The plot has several intertwined strands, all used as vehicles to show how people handle relationships. The story is told "from the diary" of the middle child, a 17 year old girl. Twelve years ago, a recently-successful author, his wife and three children visit a small castle on an estate in England; he falls in love with the castle and they move there. It is now 2 years since they have been able to pay the rent, royalties from the father's book have finally dried up altogether, the mother has been dead for years, the father has written nothing in all this time, the roof leaks, the owner of the estates has died, and they feel isolated, poor, and hopeless. The father has remarried, to a kind artist, who loves them all but is frustrated with the state of her life. The 19-year-old boy who keeps the grounds, whom they cannot afford to pay any longer, stays because he is in love with our narrator.

The new landlord turns out to be two American grandsons of the old lord. They visit England with their mother to look the estate over. The oldest sister is desperately trying to fall in love with one of them. The stepmother fancies an accompanying architect, the mother is direct and disparaging of the failed author, and altogether the progress of affairs is mightily entangled. In the entangling and the disentangling the characters are developed brilliantly and there is a great deal of insight to be had into the workings of human mind and soul.

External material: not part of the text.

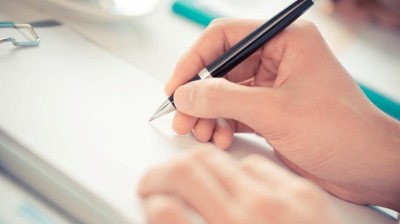 Covid 19 Sars Cov 2 Testung Immer Noch Arger Mit Den Laborauftragen Springermedizin De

I saw this film the day after the third LOTR film, "Return of the King". ICTC is picturesque and well acted, but it uses no effects, has few recognisable actors, is the absolute opposite of an epic... and yet it has so much more insight into character, says more about people and their hearts, that there is no comparison at all. ICTC wins hands down as a source of wisdom, from imparting that warm glow that comes from having a true friend, and through showing people having the courage to be honest and true to their hearts, no matter the cost.

Kay and I reflected at the end of this film that we could divide our friends into those who would appreciate this film and those who would be bored. I think that might be a very important observation, though I do not know what to do with it yet.